The spirit of boldness can exist in an Army, either because it is in the people, or because it has been generated in a successful War conducted by able Generals. In the latter case it must of course be dispensed with at the commencement.
Now in our days there is hardly any other means of educating the spirit of a people in this respect, except by War, and that too under bold Generals. By it alone can that effeminacy of feeling be counteracted, that propensity to seek for the enjoyment of comfort, which cause degeneracy in a people rising in prosperity and immersed in an extremely busy commerce.
A Nation can hope to have a strong position in the political world only if its character and practice in actual War mutually support each other in constant reciprocal action.
CHAPTER VII. PERSEVERANCE
The reader expects to hear of angles and lines, and finds, instead of these citizens of the scientific world, only people out of common life, such as he meets with every day in the street. And yet the author cannot make up his mind to become a hair’s breadth more mathematical than the subject seems to him to require, and he is not alarmed at the surprise which the reader may show.

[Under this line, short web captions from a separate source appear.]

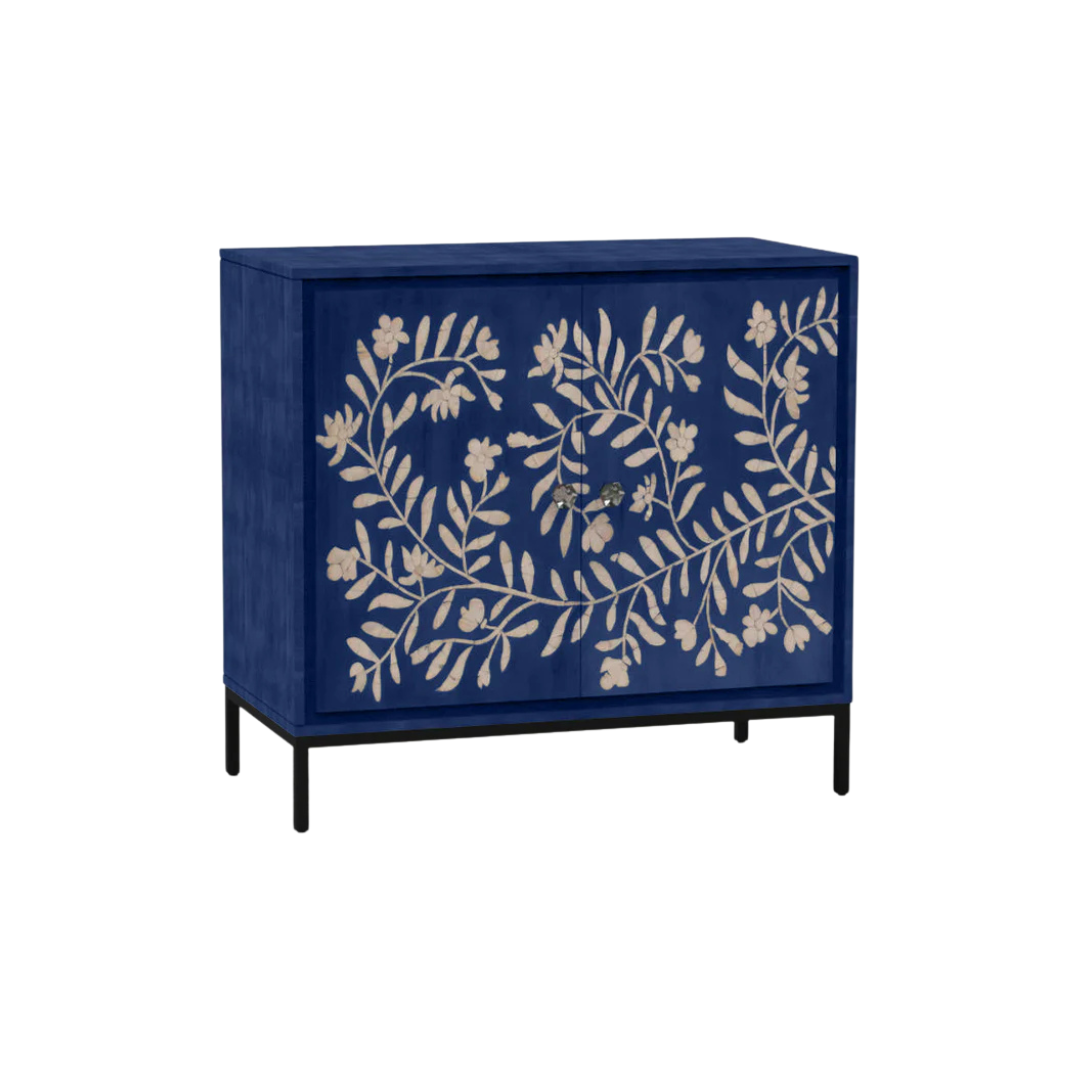 Handcrafted blue cabinet with floral mother of pearl inlay, featuring intricate detailing and elegant modern design.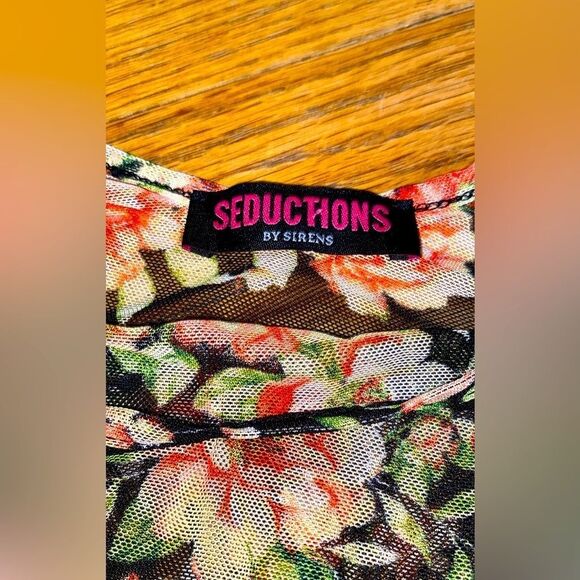 Seductions by Sirens Floral Thong Bodysuit size Small! - Picture 3 of 4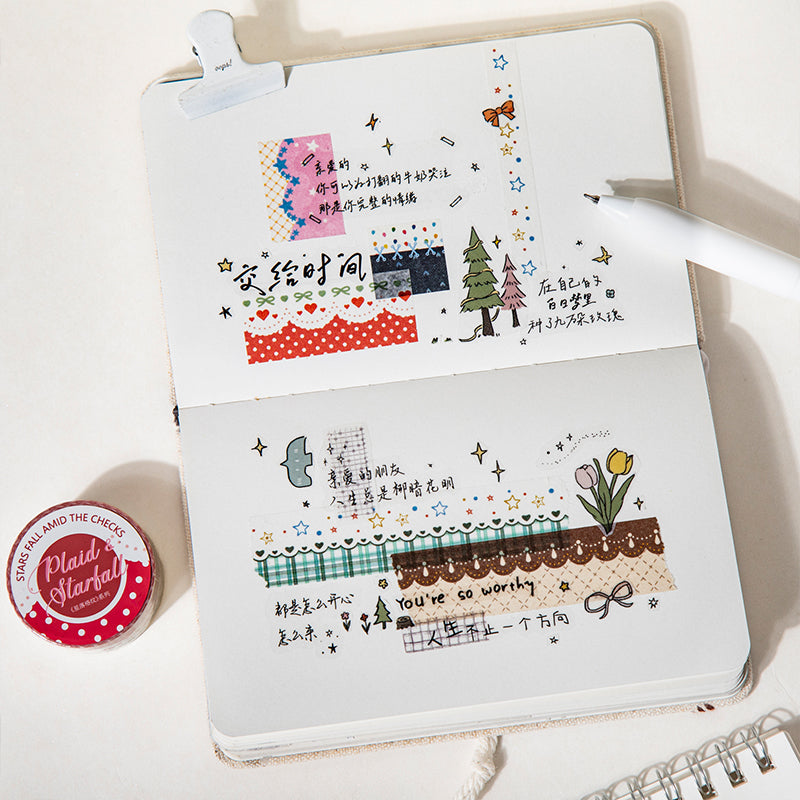 Star Grid Pattern Series Washi Tape featuring star designs for journaling, scrapbooking and collage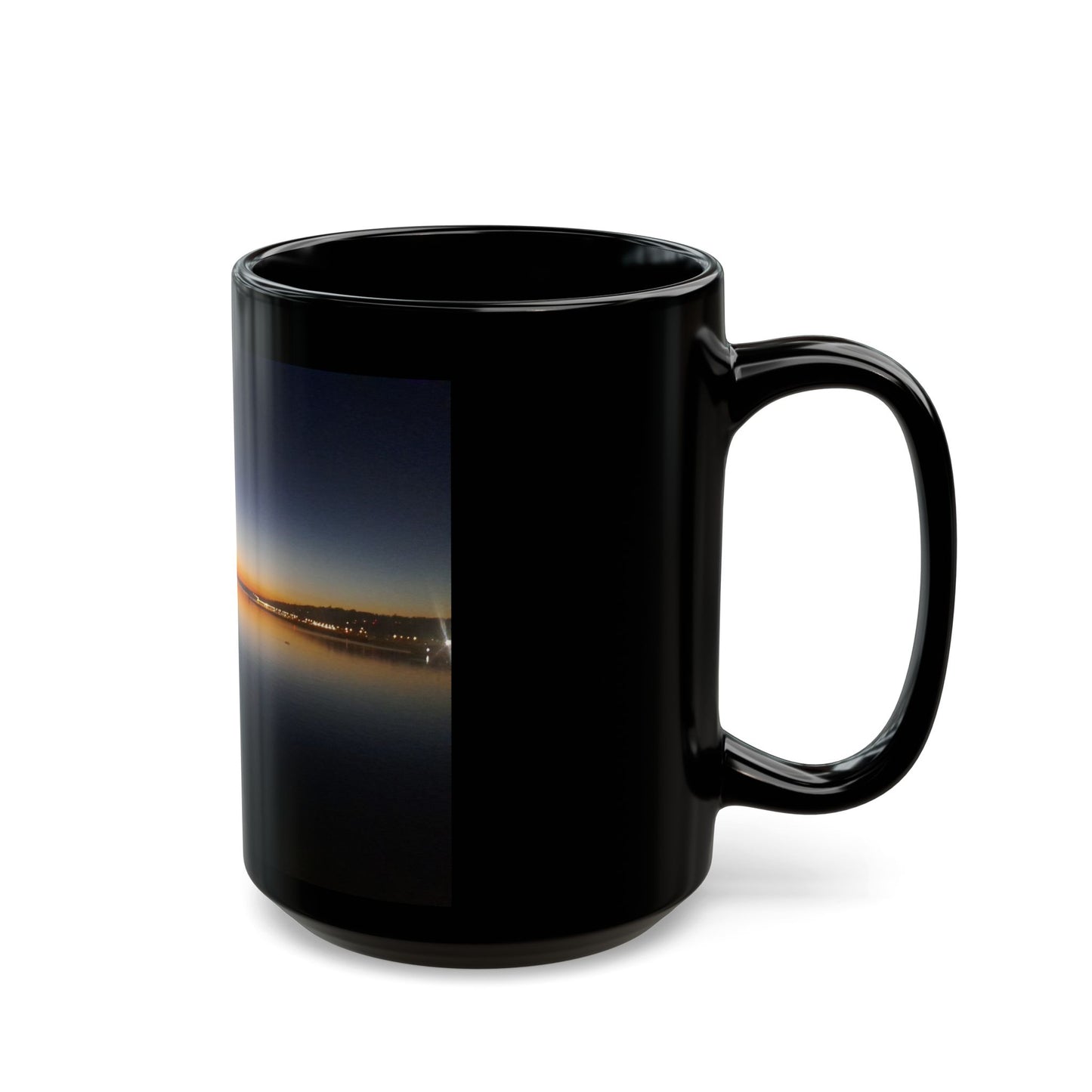 Sunset Horizon Switzerland Black Mug Reflection 11oz/15oz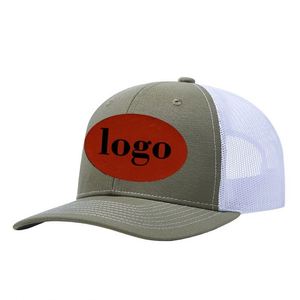 Casquette Trucker 112 en Coton Sergé Vert de Haute Qualité pour Hommes, avec Logo en Cuir et Maille, Certifiée BSCI - Product Image 3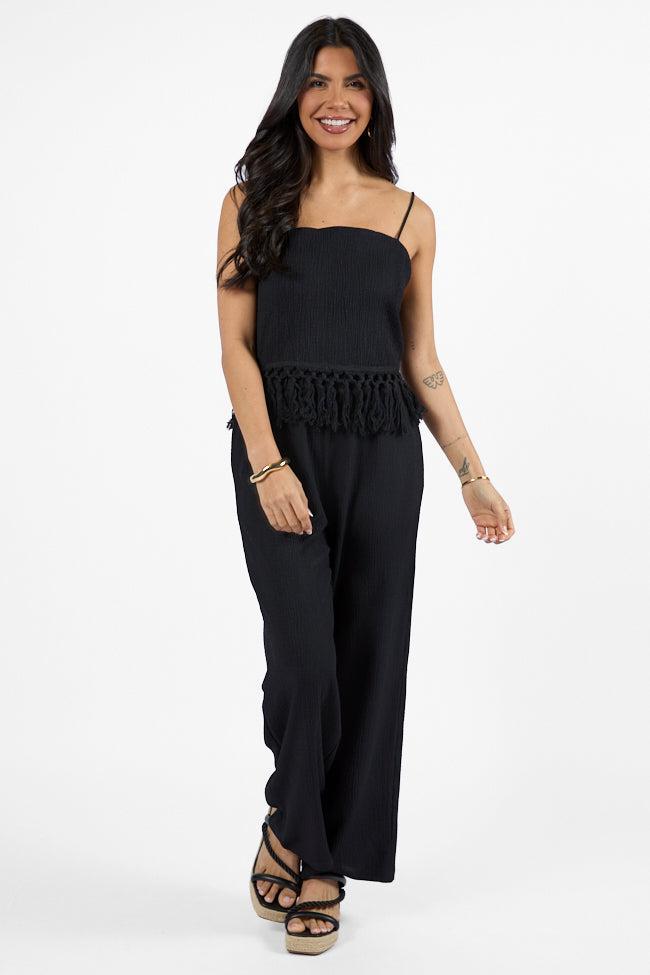 Pretty In Paradise Black Tassel Detail Top SALE Product Image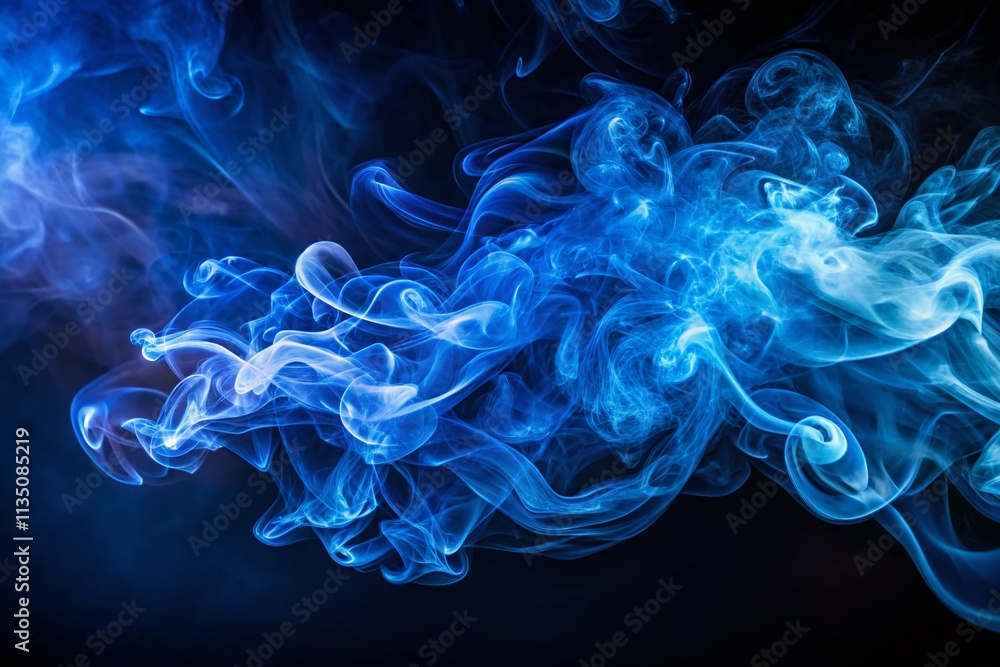 Poster mysterious midnight blue smoke creating a dramatic atmospheric effect in a dark setting with ample c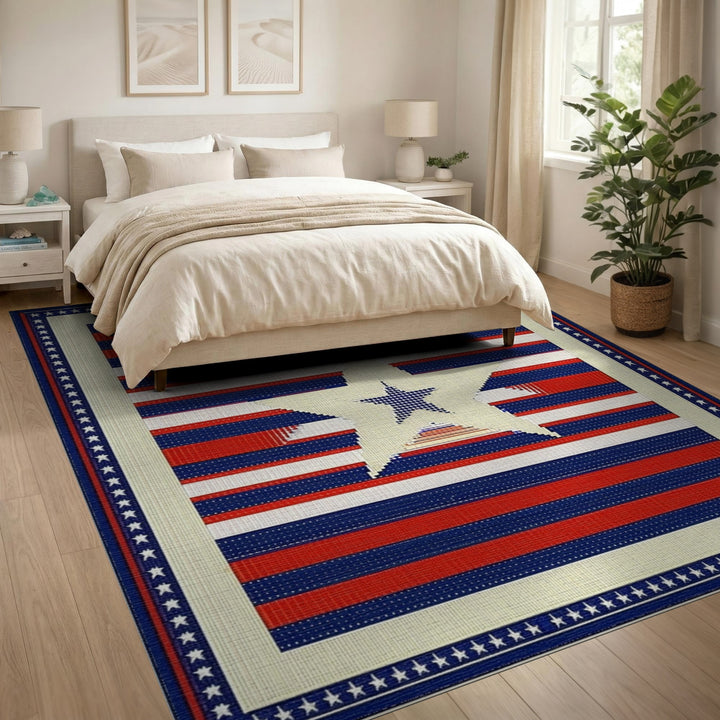 Patriotic Star Stripe Area Rug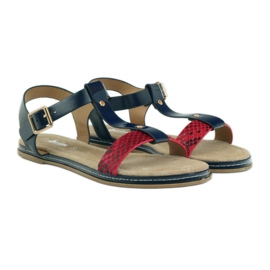 American Club Amerikanische Damensandale mit Lederdecksohle rot marineblau 3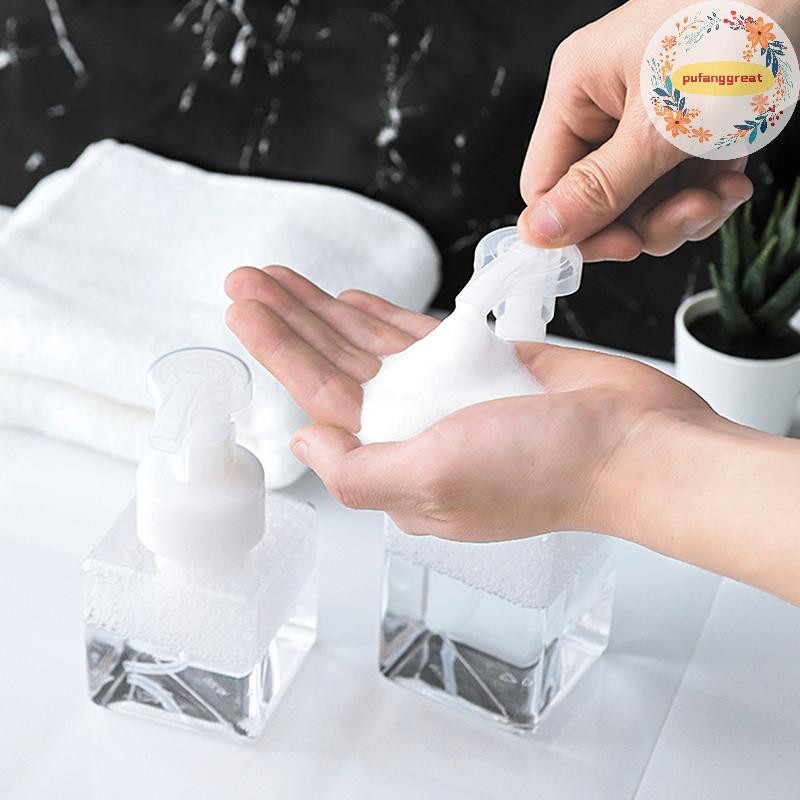 Pufanggreat 250/450ml โฟมขนาดใหญ่ขวดปั๊มพลาสติก Mini สบู่เปล่าขวดรีฟิลสําหรับขวดแชมพูสําหรับเดินทาง TH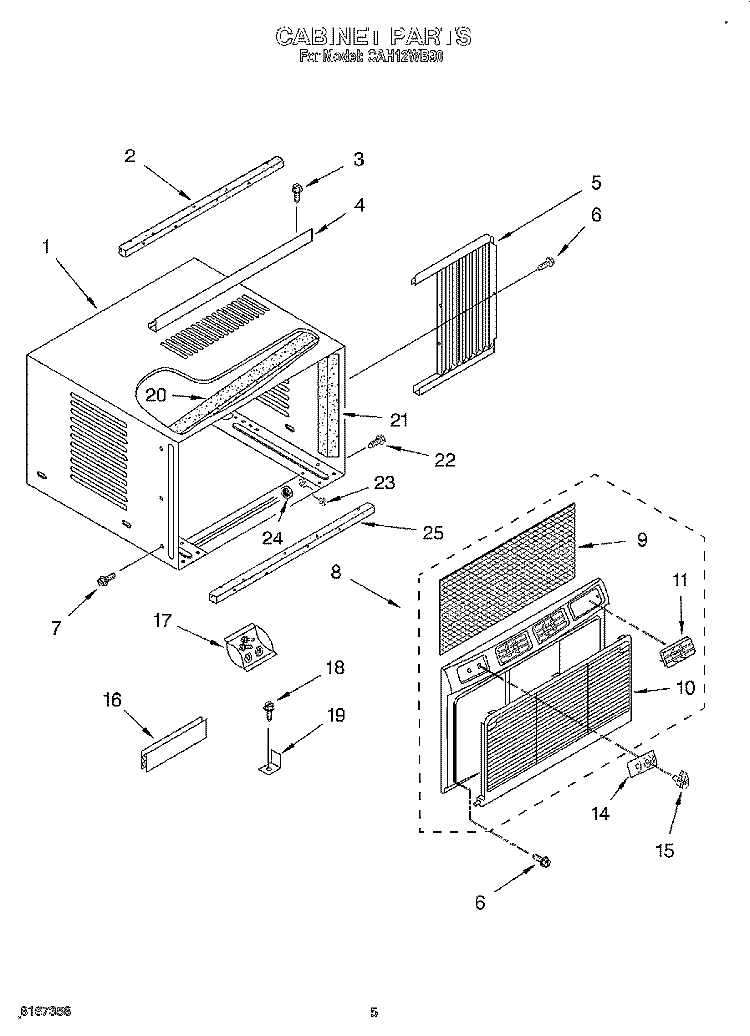 CABINET Diagram and Parts List for CAH12WB90  Crosley Air Conditioner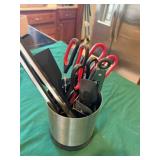bacon press, jar opener, utensils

In War more than anywhere else in the world things happen differently to what we had expected, and look differently when near, to what they did at a distance. With what serenity the architect can watch his work gradually rising and growing into his plan. The doctor although much more at the mercy of mysterious agencies and chances than the architect, still knows enough of the forms and effects of his means. In War, on the other hand, the Commander of an immense whole finds himself in a constant whirlpool of false and true information, of mistakes committed through fear, through negligence, through precipitation, of contraventions of his authority, either from mistaken or correct motives, from ill will, true or false sense of duty, indolence or exhaustion, of accidents which no mortal could have foreseen. In short, he is the victim of a hundred thousand impressions, of which the most have an intimidating, the fewest an encouraging tendency. By long experience in War, the tact is acquired of readily appreciating the value of these incidents; high courage and stability of character stand proof against them, as the rock resists the beating of the waves. He who would yield to these impressions would never carry out an undertaking, and on that account perseverance in the proposed object, as long as there is no decided reason against it, is a most necessary counterpoise. Further, there is hardly any celebrated enterprise in War which was not achieved by endless exertion, pains, and privations; and as here the weakness of the physical and moral man is ever disposed to yield, only an immense force of will, which manifests itself in perseverance admired by present and future generations, can conduct to our goal.